TASK DATA:
-*-*-
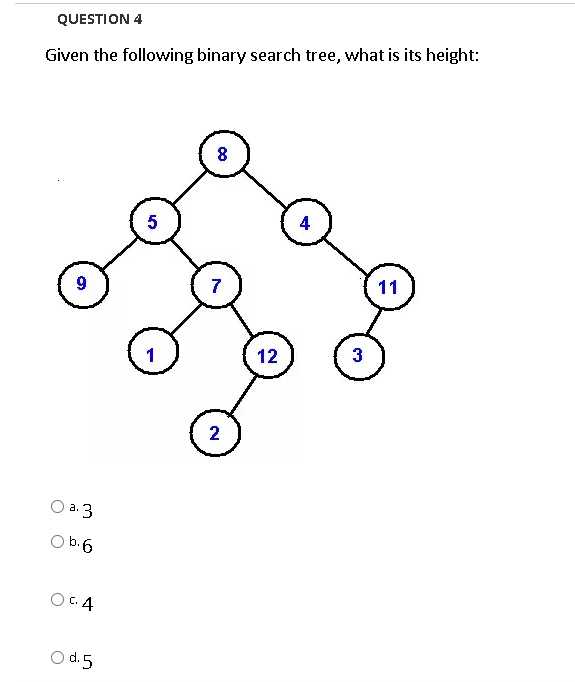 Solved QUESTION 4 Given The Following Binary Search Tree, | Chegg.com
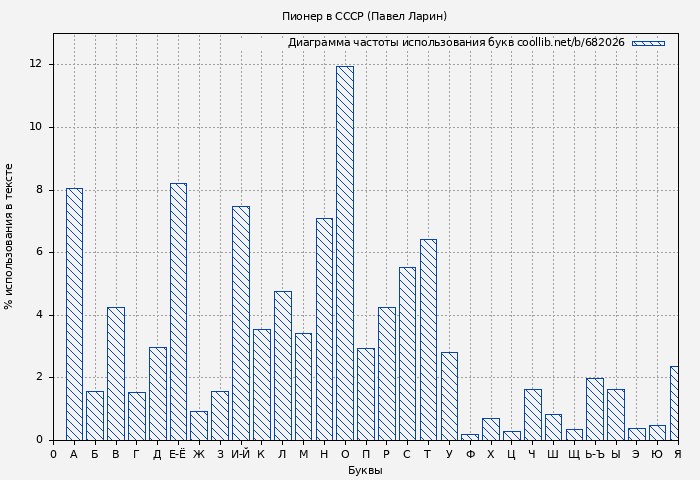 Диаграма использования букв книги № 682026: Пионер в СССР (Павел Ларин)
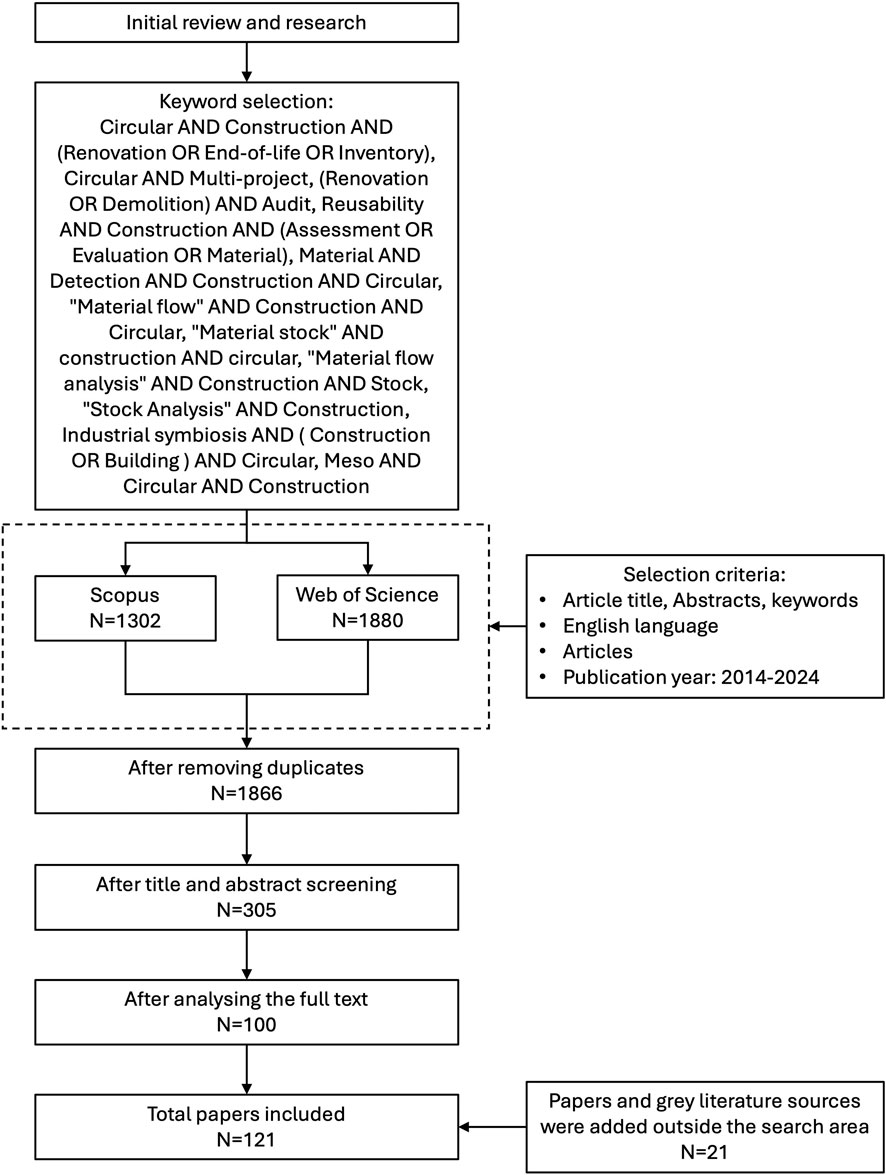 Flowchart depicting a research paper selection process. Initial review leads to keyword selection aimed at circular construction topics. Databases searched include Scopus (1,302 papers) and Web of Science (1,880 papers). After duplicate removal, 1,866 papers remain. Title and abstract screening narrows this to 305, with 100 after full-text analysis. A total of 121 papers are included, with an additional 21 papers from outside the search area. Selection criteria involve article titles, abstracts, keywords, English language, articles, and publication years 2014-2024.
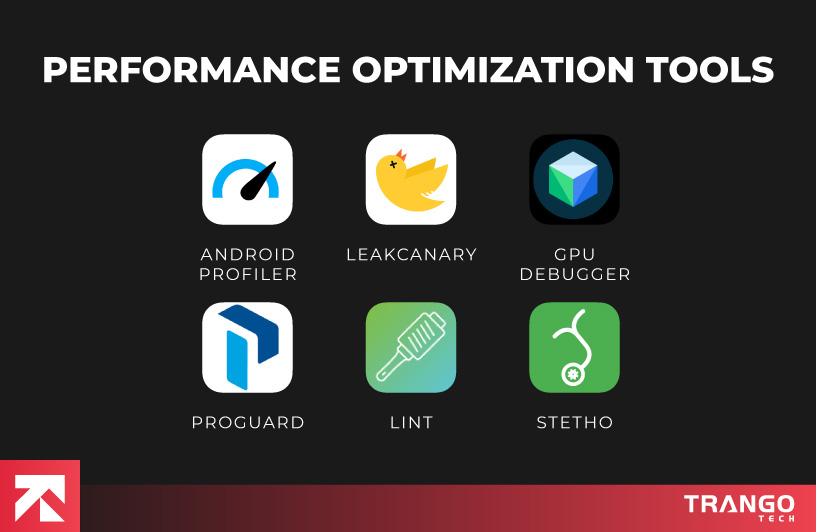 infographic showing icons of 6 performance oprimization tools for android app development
-*-*-
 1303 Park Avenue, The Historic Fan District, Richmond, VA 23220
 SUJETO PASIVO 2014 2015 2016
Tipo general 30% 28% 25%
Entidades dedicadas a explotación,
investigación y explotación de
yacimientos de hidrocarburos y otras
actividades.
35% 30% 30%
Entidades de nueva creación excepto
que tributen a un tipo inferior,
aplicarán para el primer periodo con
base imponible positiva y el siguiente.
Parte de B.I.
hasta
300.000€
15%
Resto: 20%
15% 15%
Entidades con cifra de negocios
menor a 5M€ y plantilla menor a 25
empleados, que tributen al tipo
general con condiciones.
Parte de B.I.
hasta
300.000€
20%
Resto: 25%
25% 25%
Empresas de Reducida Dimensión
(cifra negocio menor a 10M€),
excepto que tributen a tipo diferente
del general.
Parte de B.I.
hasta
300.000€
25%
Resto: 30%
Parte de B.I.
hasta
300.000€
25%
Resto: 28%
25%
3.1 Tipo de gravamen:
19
-*-*-
WORK INSTRUCTIONS: Scan the material for the word "general". Return every line where it is found.

ANSWER SECTION:
Tipo general 30% 28% 25%
general con condiciones.
del general.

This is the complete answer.